Kendisini 2002'den önceki bütün baskı ve zulümlerden uzak tutmaya özen gösteriyor ve o katliamları yargılayan açıklamalar yapıyordu. Bu çabalar halkımızın mâşerî vicdanında mâkes buluyordu.
Lakin bu olay olduğunda AKP ve sözcüleri, hak, hukuk, adalet ve vicdandan çokça söz ettiklerinden bu kadar apaçık bir haksızlık karşısında yapılan katliamı, kendilerinin yıllar yılıdır mahkum ettikleri devlet uygulamalarını, bu olay ile savundukları için Müslüman Kürtlerin bilincinde derin bir yarılmaya sebebiyet verdiler.
İşte o gün iki şey birden oldu; AK Parti'nin AKP'lileşme ve devlete yakınlaşma süreci başladı, bir.
İkincisi; AK Parti'nin en azından Müslüman ve muhafazakar Kürtlerde oluşturduğu aidiyet hissi bir daha iyileşmeyecek şekilde yaralandı.
AKP'lilerin olayı savunması, failleri cezasız bırakması, olayı soğumaya ve unutturmaya çabalaması onların bugün geldikleri yerin habercisiydi.
Oysa AKP, bu ve buna benzer olayları çözmek, hak ve hukuku tesis etmek, özgürlük ve adalet temelinde bu cumhuriyeti yeniden düzenlemek üzere yola çıkmışlardı.
Roboski katliamı, AKP'yi devletin karanlık dehlizlerine çekti.

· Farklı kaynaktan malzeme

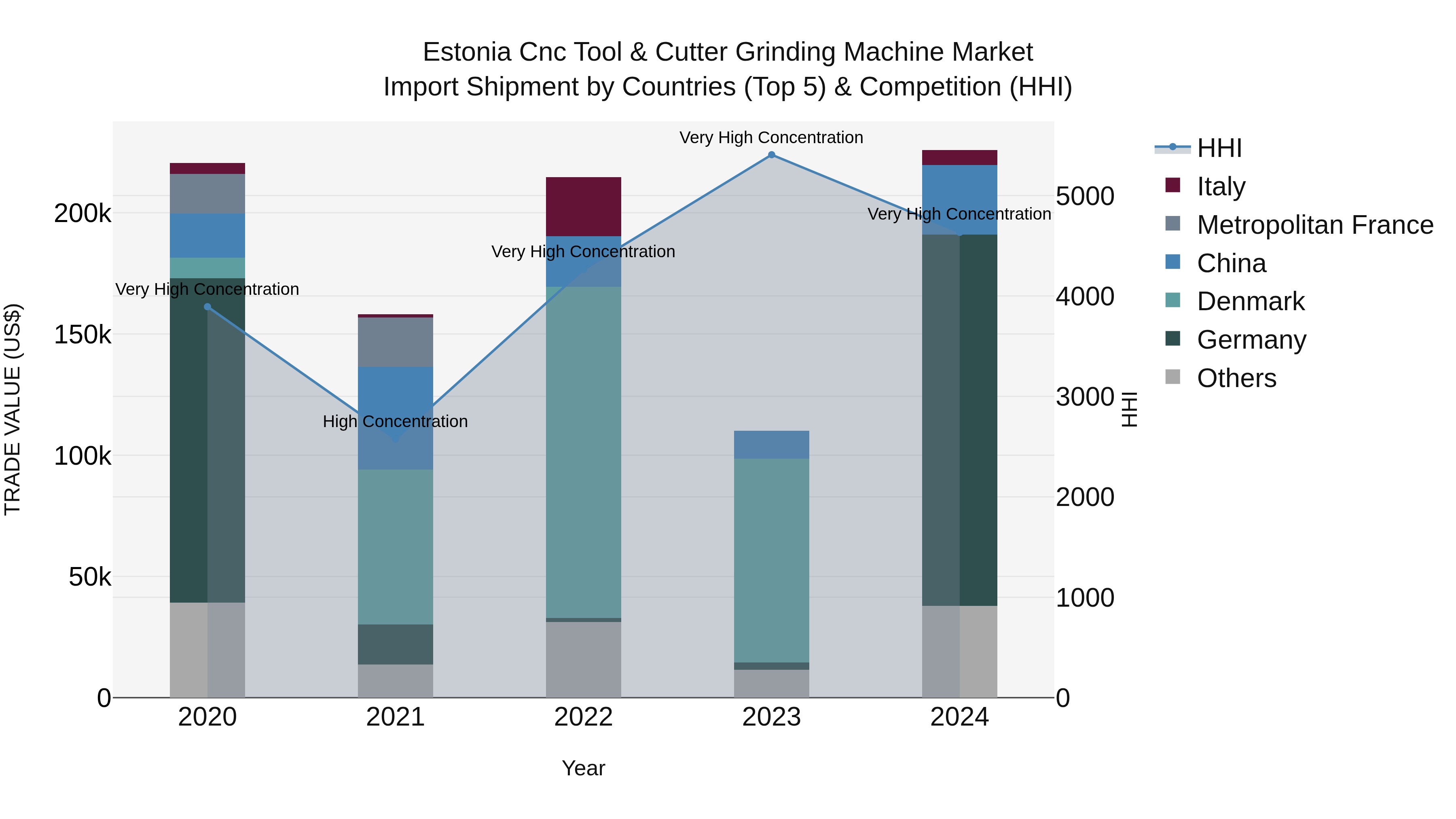 Estonia Cnc Tool & Cutter Grinding Machine Market Top 5 Importing Countries and Market Competition (HHI) Analysis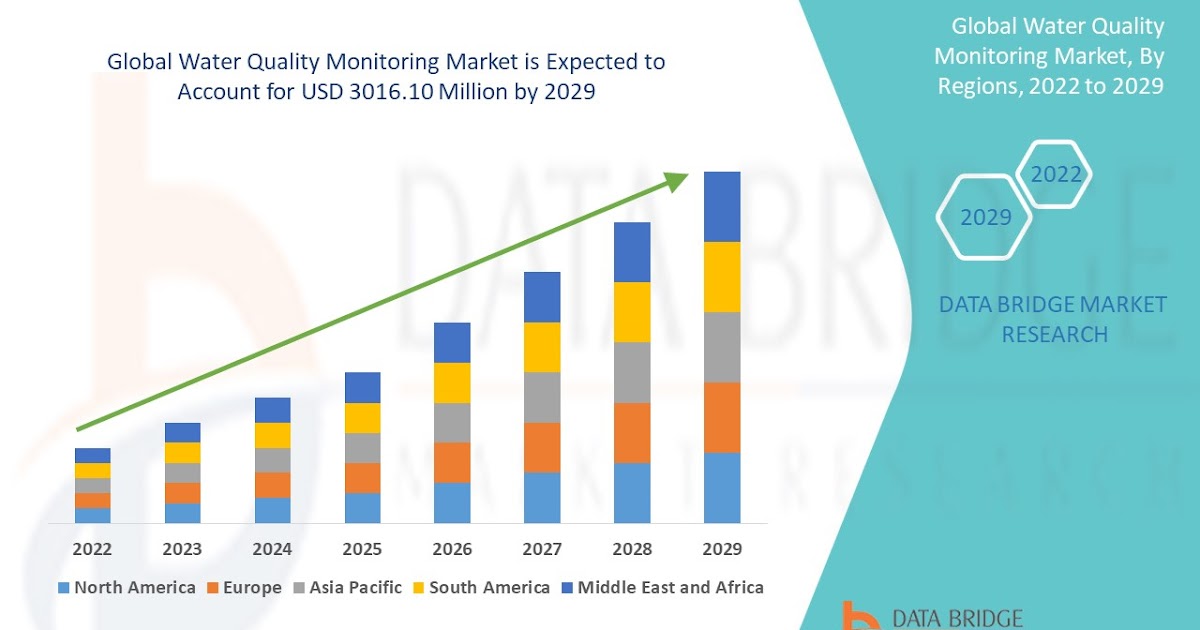 Water Quality Monitoring Market Industry Growth | Factors Driving Market Demand By 2032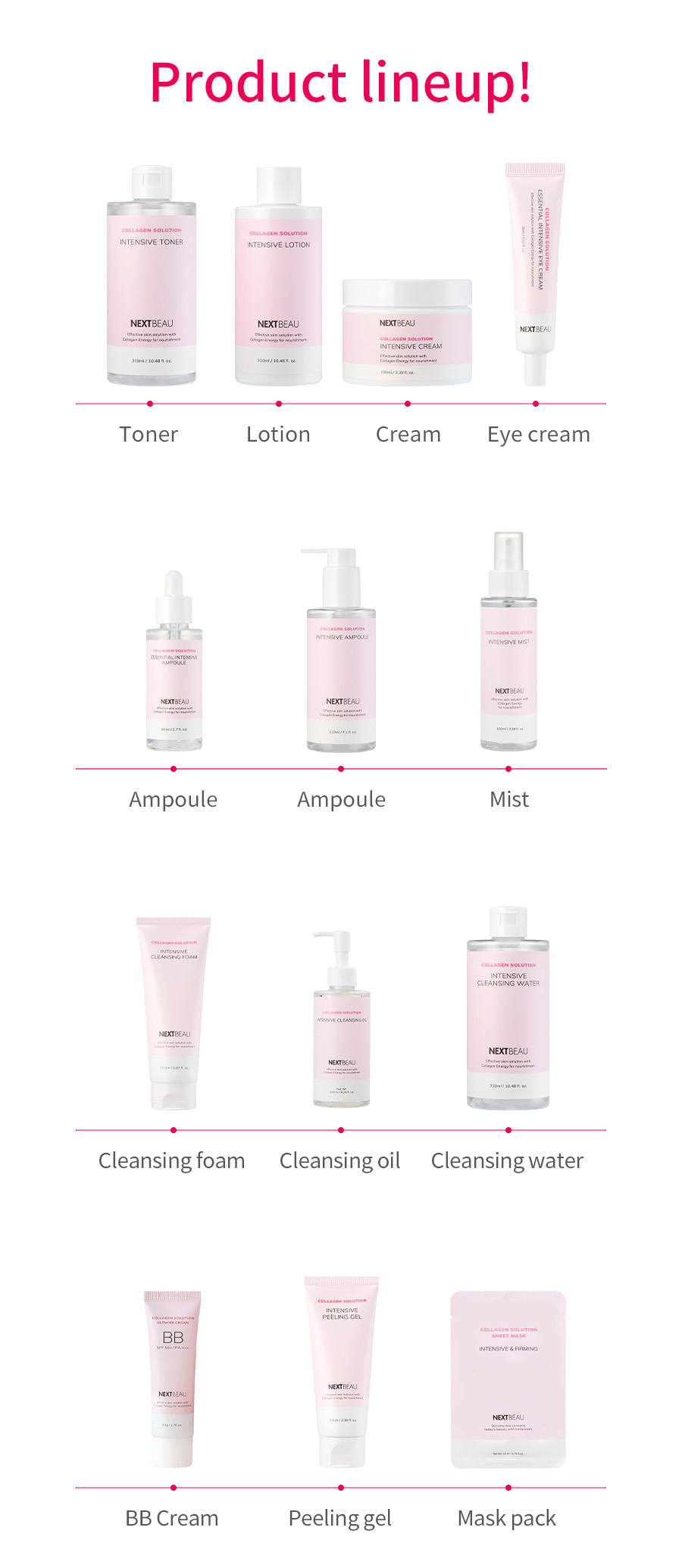 NEXTBEAU-Collagen-Solution-Intensive-Product-Line-intro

Ne yazık ki bugün itibariyle onlar bile kendilerini tanıyamıyorlar.
Roboski katliamının yüreğimizde açtığı onulmaz yaranın sebeplerinden biri ve en önemlisi budur.
Zira tanıdığımızı sandığımız, hak ve hukuktan ayrılmayacağını düşündüğümüz birçok AKP'li arkadaşımız bu olayda sınıfta kaldılar ve bir daha da düzelemediler.
İkincisi ise, sözde Kürtlerin hakkını savunan, onların oyları ile seçilen ve onların hissiyatını olabildiğince sömüren HDP'nin, bu olay için Avrupa mahfillerinde "Bu iç işimizdir, siz karışmayın" diyerek, olayın, oralardan gelecek adalet taleplerinin önüne set çekmesidir.
Bu da gösteriyor ki, HDP ne kadar çok duygularımızı sömürse dahi sorunlarımıza gerçek anlamda sahip çıkmıyor.
HDP'nin bu umursamazlığı, AKP'nin de olayı soğutması Roboskili annelerin yüreğindeki ateşi soğutmuyor, aksine harlandırıyor.
Ölenlere bir kez daha rahmet ve mağfiret, yakınlarına sabır ve sükûnet diliyorum.
* Bu makalede yer alan fikirler yazara aittir ve Independent Türkçe’nin editöryal politikasını yansıtmayabilir.